- [GIVEN DATA]
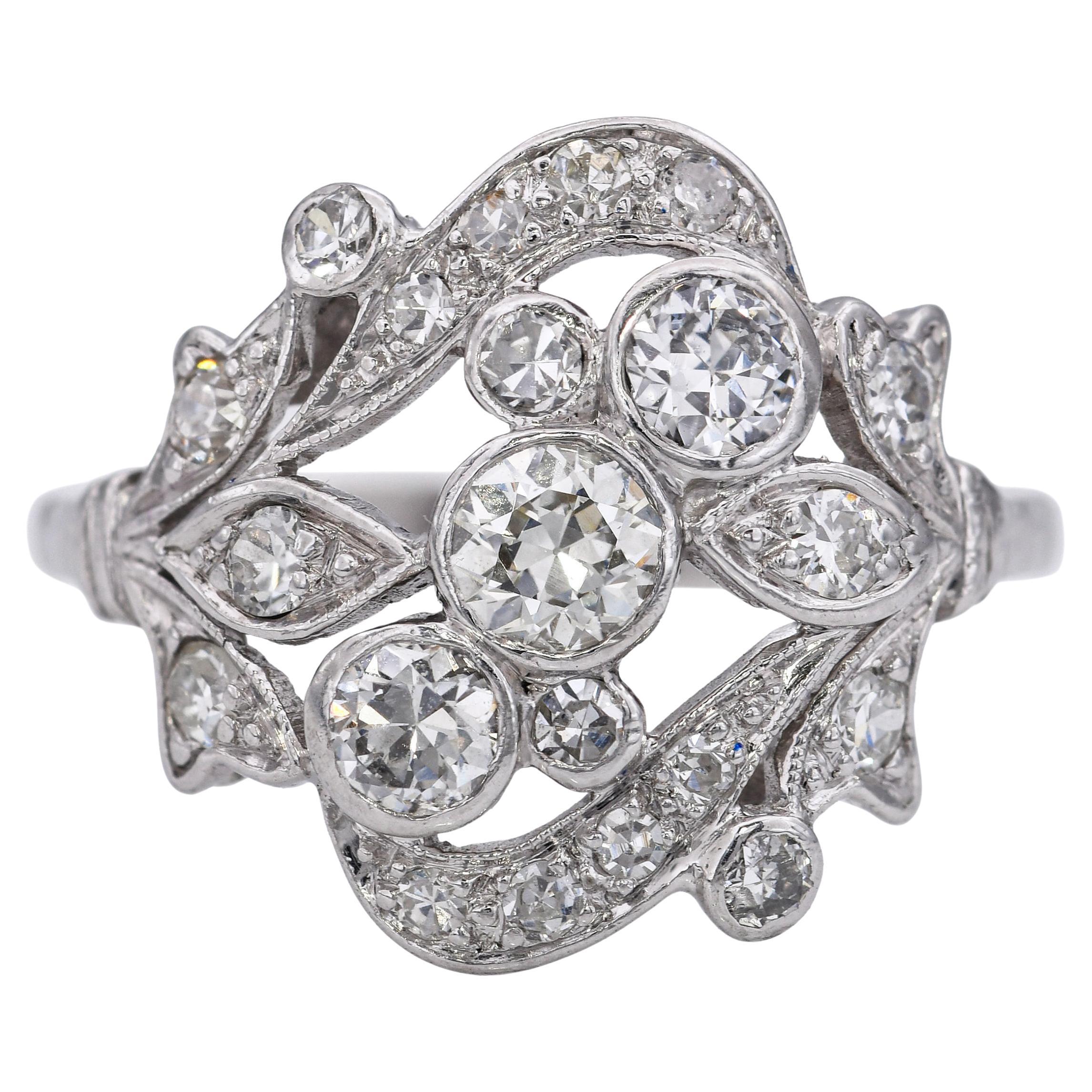 Vintage Platin 0,75 tcw Diamant Blumenmotiv dekorativen Ring im Angebot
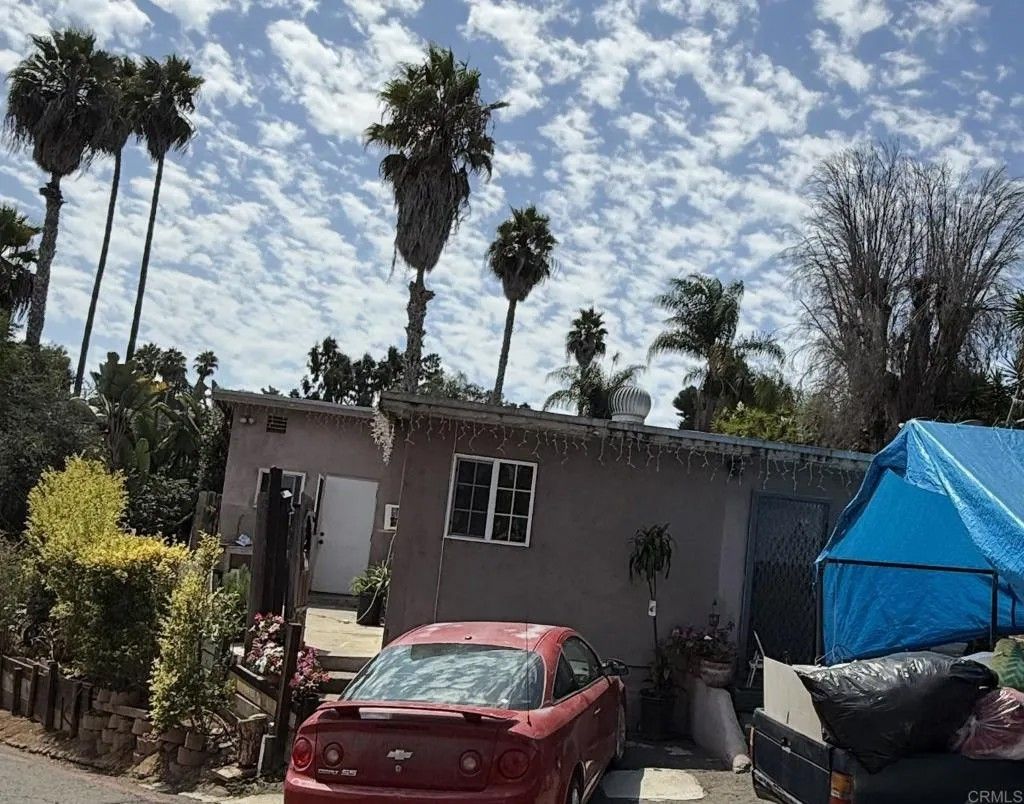 Photo of 215 Guajome Street, Vista, CA 92083 (MLS # NDP2508456)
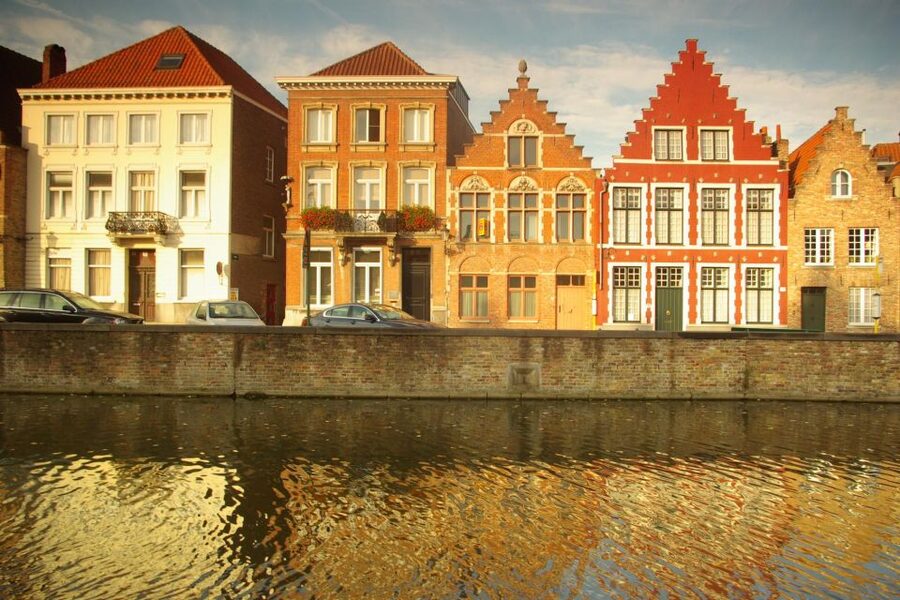 Visit of Bruges in 1 day private tour from Paris - Key Points To Know Before You Book
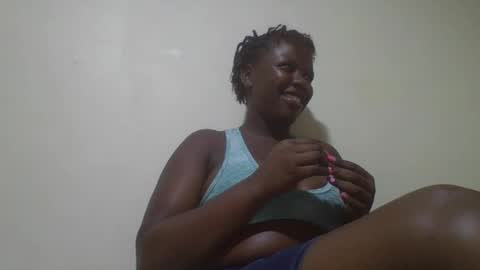 Snapshot of pattiekee chatting on December 9, 6:25 pm pk online show from December 9, 6:25 pm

- [TASK DESCRIPTION]
Print the full listing above exactly. Pictures stay out of the copy.

- [WORKED SOLUTION]
 Vintage Platin 0,75 tcw Diamant Blumenmotiv dekorativen Ring im Angebot
 Photo of 215 Guajome Street, Vista, CA 92083 (MLS # NDP2508456)
 Visit of Bruges in 1 day private tour from Paris - Key Points To Know Before You Book
 Snapshot of pattiekee chatting on December 9, 6:25 pm pk online show from December 9, 6:25 pm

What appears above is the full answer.